In December 2015, Elon Musk and some people and companies in the technology industry joined forces to announce the creation of OpenAI, a non-profit organization with the goal of making the results available worldwide Research in the field of artificial intelligence without requiring financial compensation.

At the time of its creation, the founders of the company explained that their researchers will be strongly encouraged to publish their work in the form of documents, blog posts, code, and patents (if any) World. A few years have now passed, and a few days ago, the company announced the availability of a new algorithm based on artificial intelligence.

OpenAI has announced the availability of a framework allowing robots to learn by imitating what they are given to see. Generally, for a system to be able to master the various facets of a task and run it without

In December 2015, Elon Musk and some people and companies in the technology industry joined forces to announce the creation of OpenAI, a non-profit organization with the goal of making the results available worldwide Research in the field of artificial intelligence without requiring financial compensation.

At the time of its creation, the founders of the company explained that their researchers will be strongly encouraged to publish their work in the form of documents, blog posts, code, and patents (if any) World. A few years have now passed, and a few days ago, the company announced the availability of a new algorithm based on artificial intelligence.

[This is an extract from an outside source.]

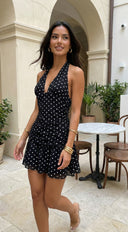 Bellavina Polka Dot Halter Mini Dress in Black detail shot of stitching and finish hemline and silhouette deta texture detail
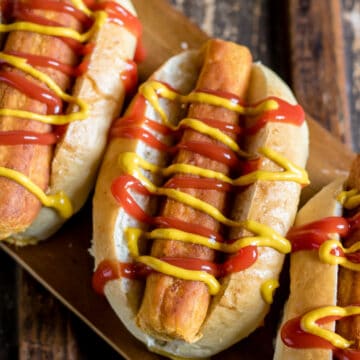 Looking down at lentil hot dogs with mustard and ketchup.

OpenAI has announced the availability of a framework allowing robots to learn by imitating what they are given to see. Generally, for a system to be able to master the various facets of a task and run it without problems, it requires learning tests on a broad range of samples. OpenAI, therefore, wanted to go even faster in learning by allowing robots to learn as human beings do.

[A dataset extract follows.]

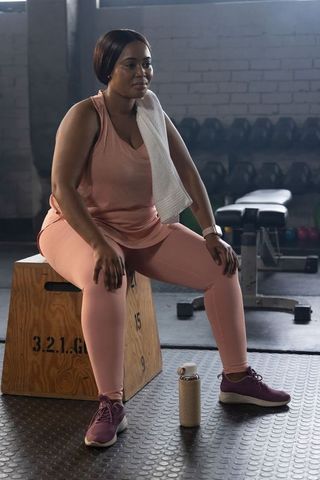 African american woman sitting on plyo box resting after workout in industrial gym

This gave rise to the “one-shot imitation learning” framework. With this algorithm, a human can communicate to a robot how to perform a new task after executing it in a virtual reality environment. And from a single demonstration, the robot can perform the same task from an arbitrary initial configuration.

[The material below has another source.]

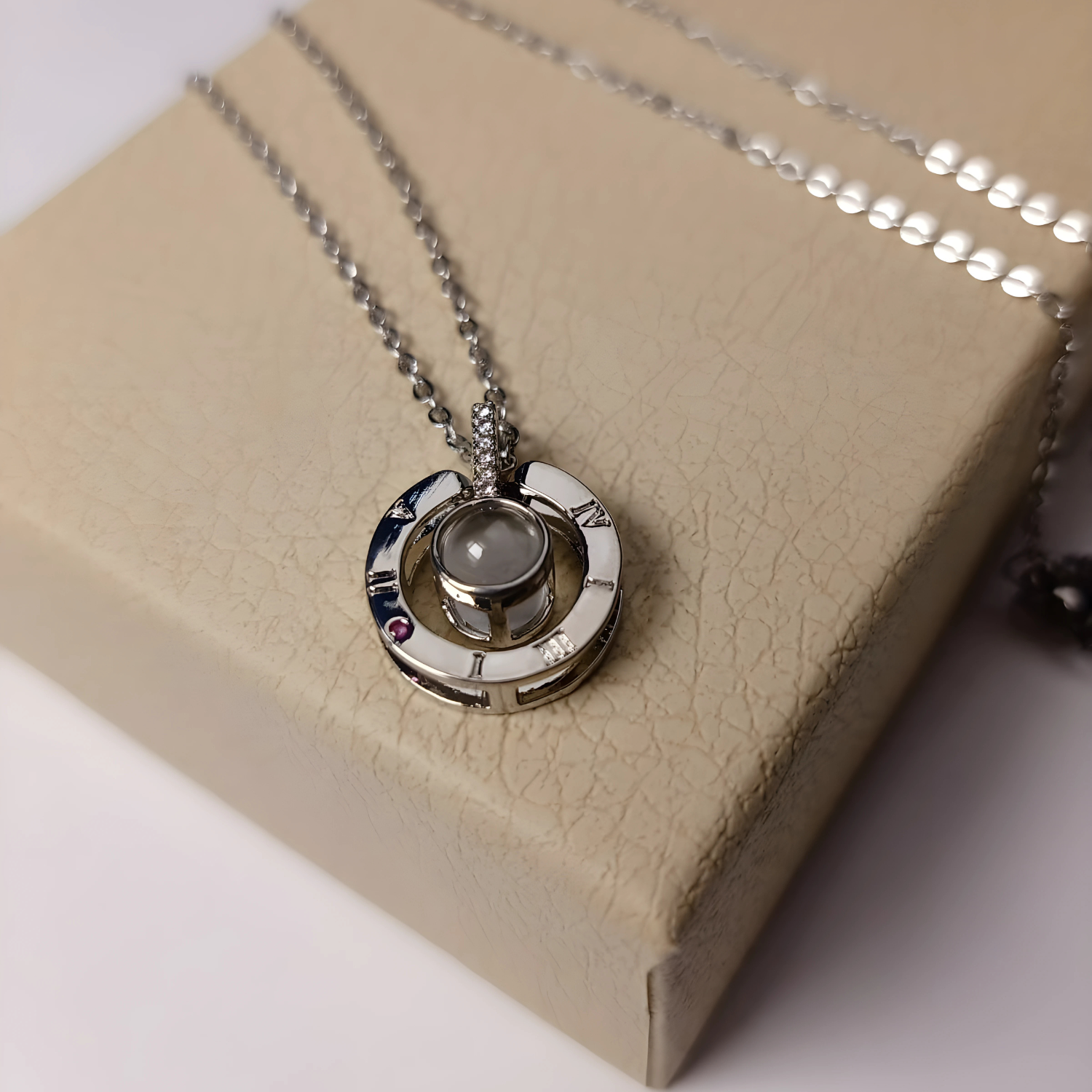 Silver necklace with a pendant on a beige box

Thus one can construct a policy by learning imitation or reinforcement to stack blocks in towers of 3. But with this new algorithm, researchers have succeeded in designing policies that are not specific to a particular task, but rather can be used by a robot to know what to do in a new situation of a task.

In the above video, OpenAI has a demonstration of the formation of a policy that solves a different instance of the same task with as a learning data the simulation observed on another demonstration.

To stack the blocks, the robot uses an algorithm supported by two neural networks, namely a vision network and an imitation network. The vision array acquires the desired capabilities by recording hundreds of simulated images in a task with different lighting, texture, and object disturbances. The imitation network observes a demonstration, milking, reduces the trajectory of the moving objects and then accomplishes the intention starting with blocks arranged differently.

Below the imitation network, it has a process called “Soft Attention” that deals with both the different steps and actions as well as the appropriate blocks to be used in stacking and also the components of the vector specifying the locations of the various blocks in the environment.

The researchers explain that for the robot to learn a robust policy, a modest amount of noise has been introduced into the results of the script policy. This allowed the robot to perform its task properly even when things go wrong. Without the injection of this noise, the robot would not have been able to generalize what he learned by observing a specific task.

Finally, it should be noted that although the “one-shot imitation learning” algorithm was used to teach a robot to move blocks of colored cubes, it can also be used for other tasks.